Последнее было не совсем мыслью – скорее убеждением, глубоким и спокойным, укоренённым где-то под поверхностью сознания. Элинор верила. Во что именно – система не могла реконструировать с достаточной точностью; религиозные образы размывались, становились абстрактными. Свет. Тепло. Присутствие. Этого хватало.
Сын – Дэвид – стоял чуть в стороне. Элинор смотрела на него и думала о том, как он похож на отца. Не внешне – Мартин был невысоким и рано полысел, – а в манере держаться, в том, как хмурился, когда не знал, что сказать. Дэвид не знал, что сказать. Он открыл рот, закрыл. Потом просто сказал:
– Мам.
Одно слово. Рут видела, как оно прошло сквозь угасающее сознание Элинор, развернулось в целую жизнь: первый шаг, первое слово («мама», конечно, не «папа», и Мартин тогда немного расстроился, но не по-настоящему), первый день в школе, и все годы после, и то воскресенье, когда Дэвид позвонил и сказал, что переезжает в Эдинбург, и Элинор поняла, что её дети выросли окончательно, и это было правильно, но больно, как потеря молочного зуба: необходимая и всё равно кровоточащая.
– Всё хорошо, – сказала Элинор. Или хотела сказать; её губы едва двигались, и Рут не была уверена, услышали ли дети. – Внуки…
Мэгги кивнула:
– Джейми получил стипендию. Полную. Я хотела тебе сказать…
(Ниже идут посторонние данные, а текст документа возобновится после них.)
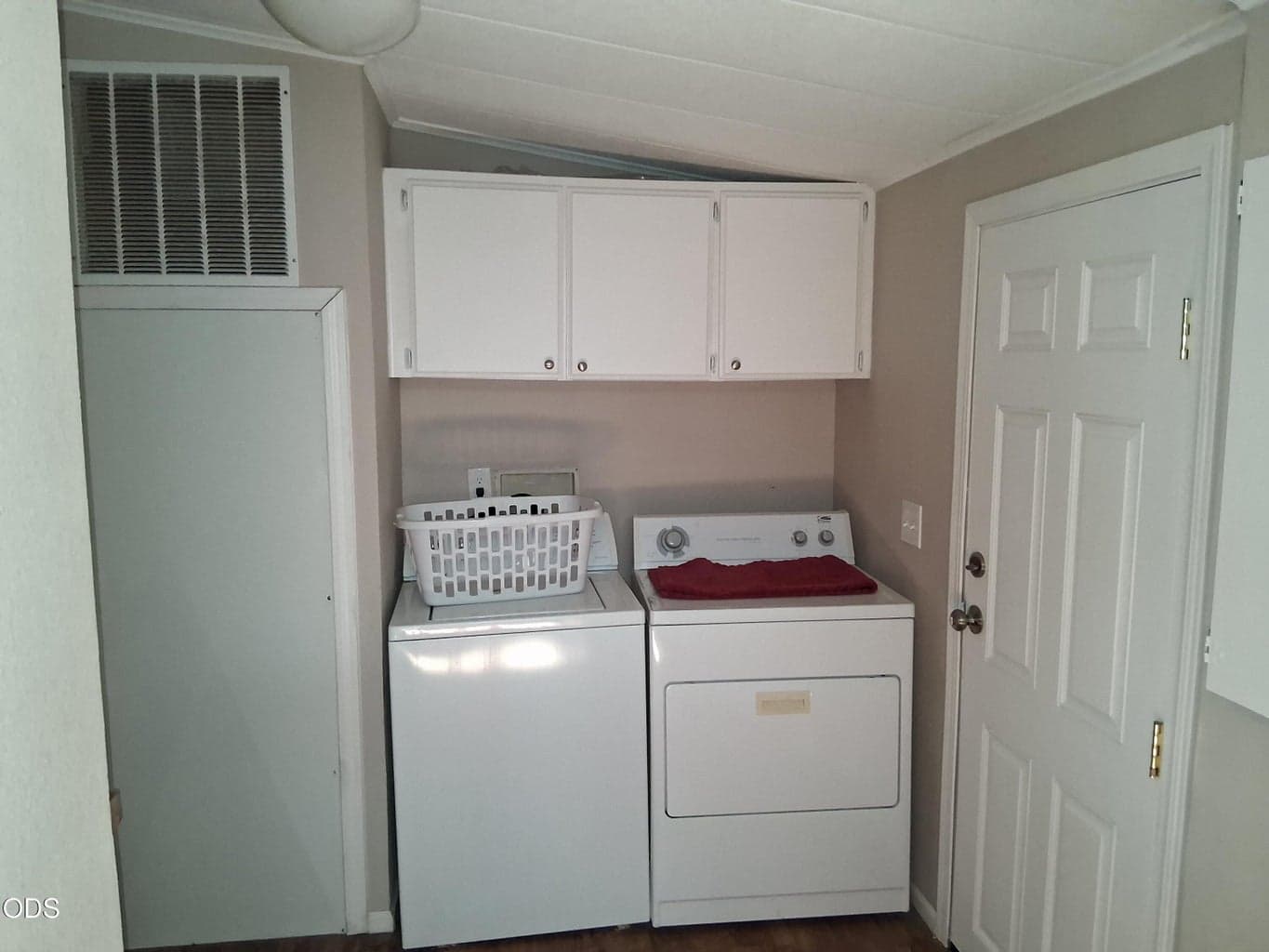 Laundry room with back door to back covered porch. Half bath off of laundry room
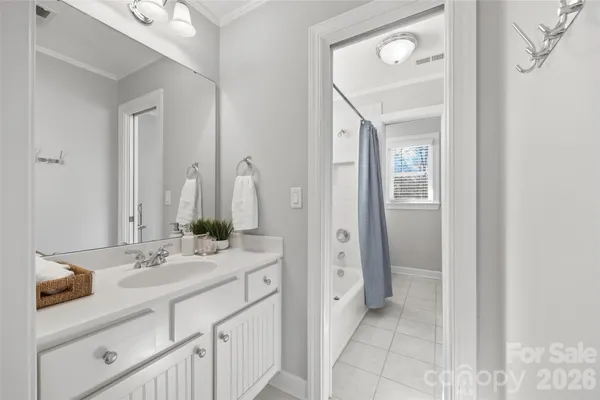 a bathroom with a double vanity sink mirror and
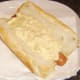 Mac and cheese spooned on to hot dog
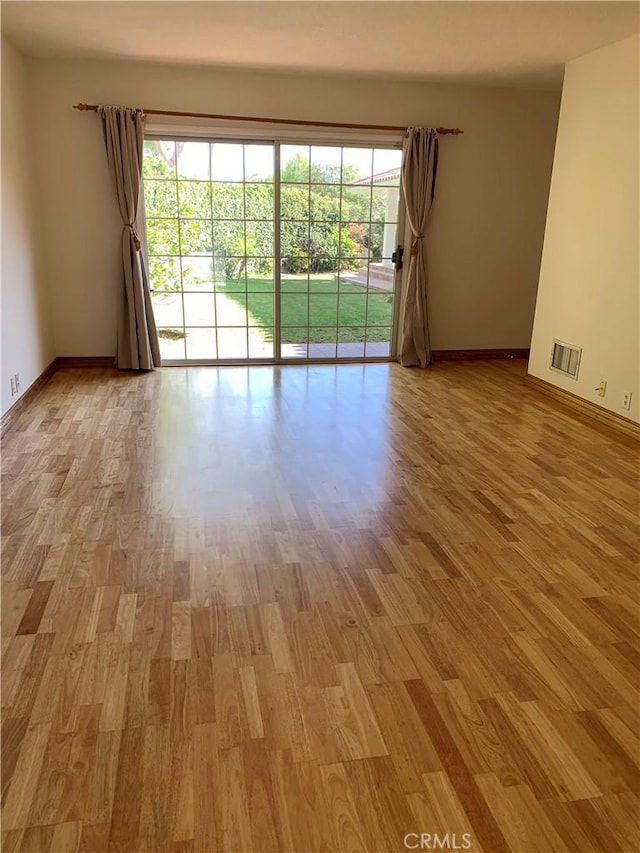 empty room with light wood-type flooring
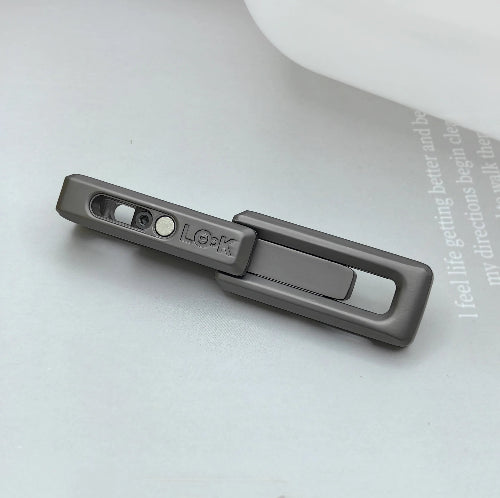 Desk setup featuring magnetic double push fidget toy used during work for silent stress relief and concentration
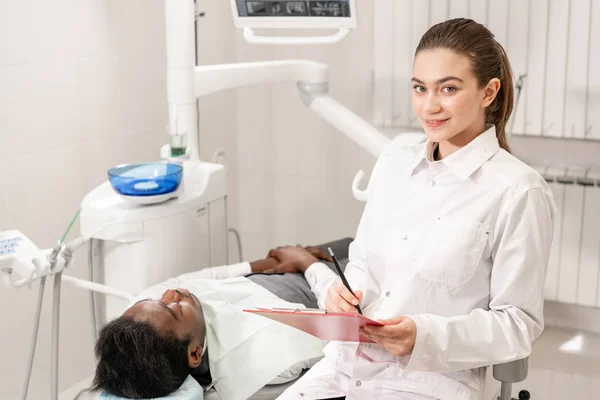 Encantadora doctora dentista hermosa. Joven paciente afroamericano en silla en la clínica dental. Medicina, salud, concepto estomatológico. dentista lleva a cabo la inspección y concluye. Mujer sonriendo — Foto de Stock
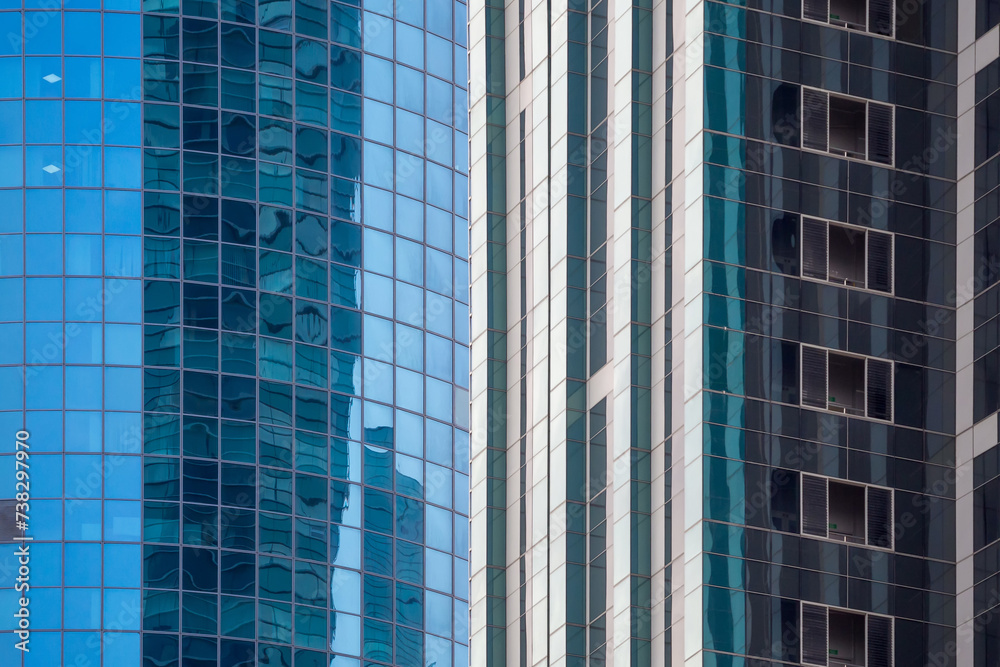 Obraz premium Fragment of business district, glazing of tall buildings for architectural backgrounds. Perfect for illustrating urban landscapes, modern architecture, and corporate environments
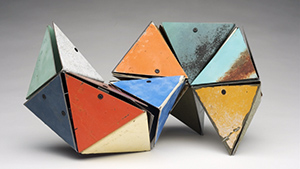 A group of colorful geometric sculptures on a gray background.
Внуки. Элинор думала о них – не как о лицах, а как о чувстве, о продолжении, о том, что что-то останется после. Джейми – умный мальчик, слишком серьёзный для своих лет, но это пройдёт. Софи – та, что младше, – весёлая, легкомысленная, и это тоже хорошо, мир нуждается в легкомыслии. Они будут жить. Они будут помнить.
Этого хватало.
Рут смотрела, как жизнь Элинор Мэй Хоуп сворачивается внутрь, как затухающее пламя. Боли не было – хоспис позаботился о морфине. Страха не было – или был, но так глубоко, что система не улавливала. Было только угасание: медленное, постепенное, почти торжественное, как закат над морем.
Последняя минута.
Элинор закрыла глаза. Образы потеряли чёткость, превратились в абстракцию: тени, движение, вспышки цвета без формы. Это было нормально – зрительная кора отключалась одной из первых, и последние секунды сознания редко содержали что-то, поддающееся визуальной реконструкции.
Но кое-что оставалось.
Φ – интегрированная мера сознания – держался на уровне 2.4, что было выше, чем следовало ожидать для умирающего мозга. Рут видела показатели на вторичном экране: синусоида, которая должна была падать, вместо этого выровнялась. Всплеск интеграции. Это фиксировали у всех умирающих – последний выдох сознания, момент, когда нейронная активность не рассеивалась, а собиралась, концентрировалась, как луч света в линзе.
Двести миллисекунд.
Рут привыкла к этому. Пятнадцать лет, сорок тысяч просмотров – она видела всплеск столько раз, что перестала обращать внимание. Стандартный паттерн. Финальная интеграция. Потом – коллапс, Φ падает до нуля, и запись обрывается.
Но сейчас что-то было иначе.
Система реконструкции выдала образ. Нечёткий, как всегда в последнюю секунду, но различимый. Лицо.
Рут нахмурилась. Элинор думала о ком-то конкретном в момент смерти – это было обычно. Дети, супруг, иногда давно умершие родители. Система фиксировала эти образы, добавляла в отчёт под графой «финальная интенциональность». Статистически интересный параметр, но не более.